O risco fica ainda maior quando se sabe que a China não tem um monitoramento econômico de qualidade. Diferentemente dos Estados Unidos, não há um acompanhamento minucioso da “pulsação econômica” chinesa. Esta ausência de medidores de “pressão e temperatura” faz com que o risco de desaceleração seja ainda maior. É como numa “navegação sem aparelhos”....
A expansão desenfreada do crédito, movida pelas sucessivas expansões de capital, é historicamente um dos fatores centrais a impulsionar um boom econômico. Entretanto, assim como infla, desinfla: a “Crise do Subprime” é um perfeito exemplo. A expansão monetária via crédito na China é muito mais pujante do que a derivada das hipotecas norte-americanas. Tratando-se de comparações frente aos EUA, o nível de crédito chinês, atualmente, é superior ao vivido pelos EUA nos anos 20. E as comparações entre estes dois períodos históricos não param por aí.
No período que antecedeu ao crash de 1929, a Inglaterra era a superpotência mundial e os EUA a potência emergente, papéis que hoje podem ser vistos nos Estados Unidos e na China. Nos anos 20, o Império Britânico dava sinais de decadência e, pelo “entre-Guerras”, vivia uma situação de déficits gêmeos acentuado, assim como ocorre atualmente nos EUA. Este quadro forçou a Inglaterra - e força os EUA - a ser um devedor líquido, financiado pelo resto do mundo. Nos anos 20, os EUA eram o principal financiador das contas do Império Britânico; hoje, a China é a grande financiadora das contas externas norte-americanas. Em ambas as circunstâncias, a potência emergente vivia grandes superávits, tendo condições de ser um credor líquido. Quando o mundo forçou uma repatriação do capital, em função do auge da crise, a economia britânica entrou em colapso. Poderiam EUA e China repetir esse fato?

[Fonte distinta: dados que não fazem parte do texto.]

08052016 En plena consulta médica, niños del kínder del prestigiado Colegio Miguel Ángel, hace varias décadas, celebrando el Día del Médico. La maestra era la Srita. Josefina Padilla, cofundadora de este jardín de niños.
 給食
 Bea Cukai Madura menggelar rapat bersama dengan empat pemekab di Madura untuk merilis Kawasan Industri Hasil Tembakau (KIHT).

As lições deixadas pela história talvez sejam capazes de impedir um evento das mesmas proporções: a débâcle da economia norte-americana após o crash da Bolsa de Nova Iorque em 1929 fez o nível de atividade recuar 66,6% e gerou uma deflação nos preços ao consumidor de 29,3%, acumulados num intervalo de apenas quatro anos (1930-1933).
É muitíssimo pouco provável que um eventual estouro na “Bolha de Xangai” seja capaz de causar uma tragédia nestas proporções. Entretanto, descartar a hipótese “apocalíptica” não significa ignorar os danos potenciais para a economia global: total reversão na pujança de liquidez, queda abrupta do preço das commodities, sobretudo as minerais, e crescente protecionismo comercial. Neste caso extremo, não há blindagem que resista.